What you are asked to do
Repeat exactly the lines of the entries below from the one with "We deployed one" through the one with "Let's welcome our fellow countrymen!", both ends included, and nothing else.

Supplied data
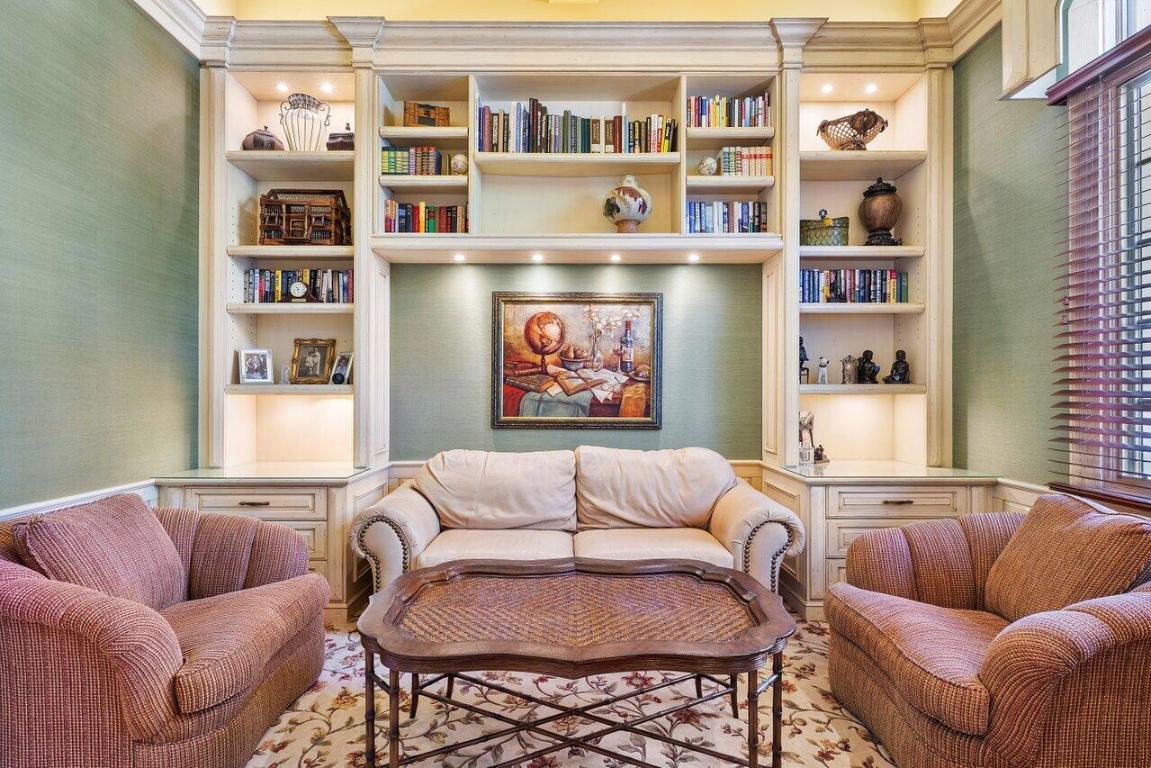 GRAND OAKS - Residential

--

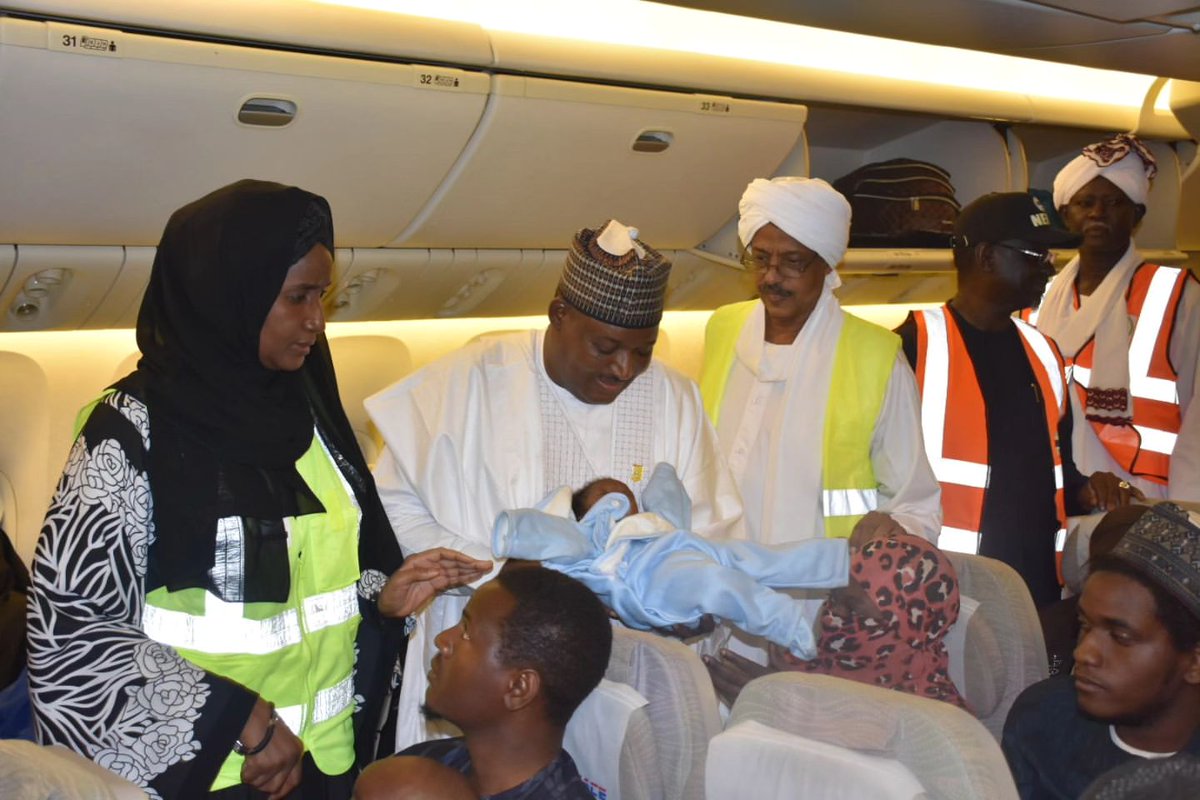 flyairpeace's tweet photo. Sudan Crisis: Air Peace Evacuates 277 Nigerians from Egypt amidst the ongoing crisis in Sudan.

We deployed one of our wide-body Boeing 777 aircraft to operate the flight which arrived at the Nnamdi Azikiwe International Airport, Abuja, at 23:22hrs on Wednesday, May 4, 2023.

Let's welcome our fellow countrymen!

==

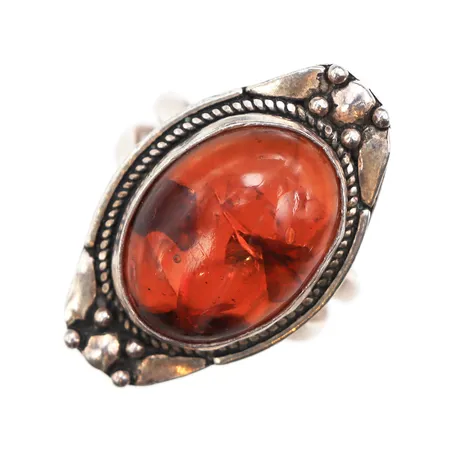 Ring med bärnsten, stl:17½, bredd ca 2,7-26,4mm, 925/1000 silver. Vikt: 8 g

Task response
We deployed one of our wide-body Boeing 777 aircraft to operate the flight which arrived at the Nnamdi Azikiwe International Airport, Abuja, at 23:22hrs on Wednesday, May 4, 2023.

Let's welcome our fellow countrymen!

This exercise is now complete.